## TASK INPUTS
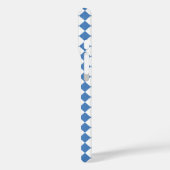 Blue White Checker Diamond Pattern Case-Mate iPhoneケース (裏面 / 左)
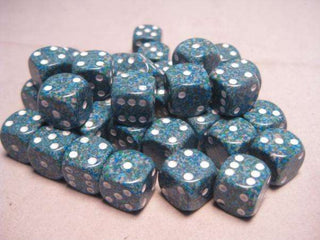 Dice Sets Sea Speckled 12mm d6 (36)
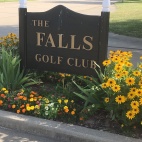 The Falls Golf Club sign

==

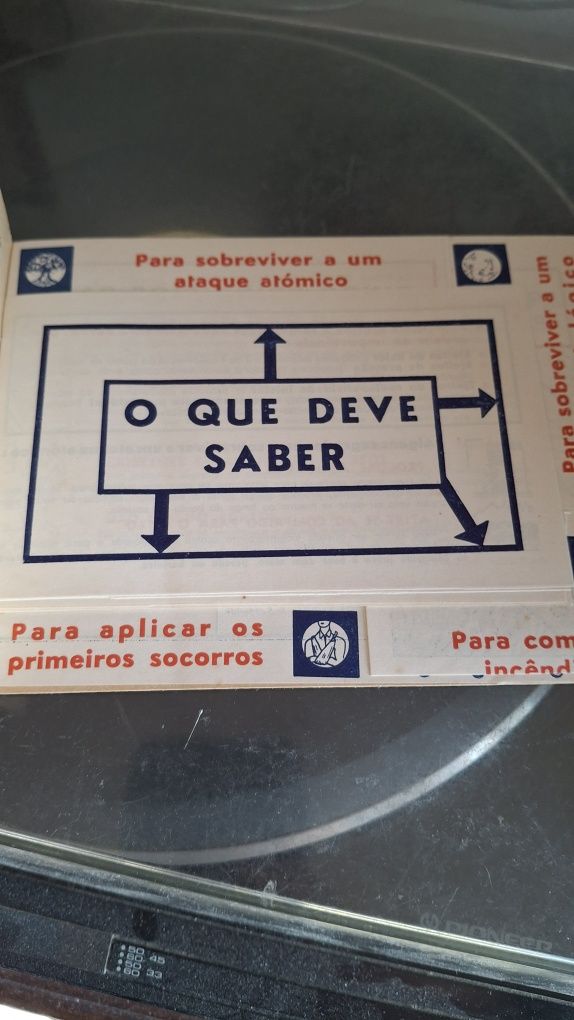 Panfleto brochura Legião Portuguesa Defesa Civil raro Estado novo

## WORK TASK
Return word for word the lines of the listing above, starting at the line with "Blue White Checker" and ending at the line with "The Falls Golf Club sign", both included. Pictures do not belong in the copy.

## RESPONSE FOR THIS EXERCISE
 Blue White Checker Diamond Pattern Case-Mate iPhoneケース (裏面 / 左)
 Dice Sets Sea Speckled 12mm d6 (36)
 The Falls Golf Club sign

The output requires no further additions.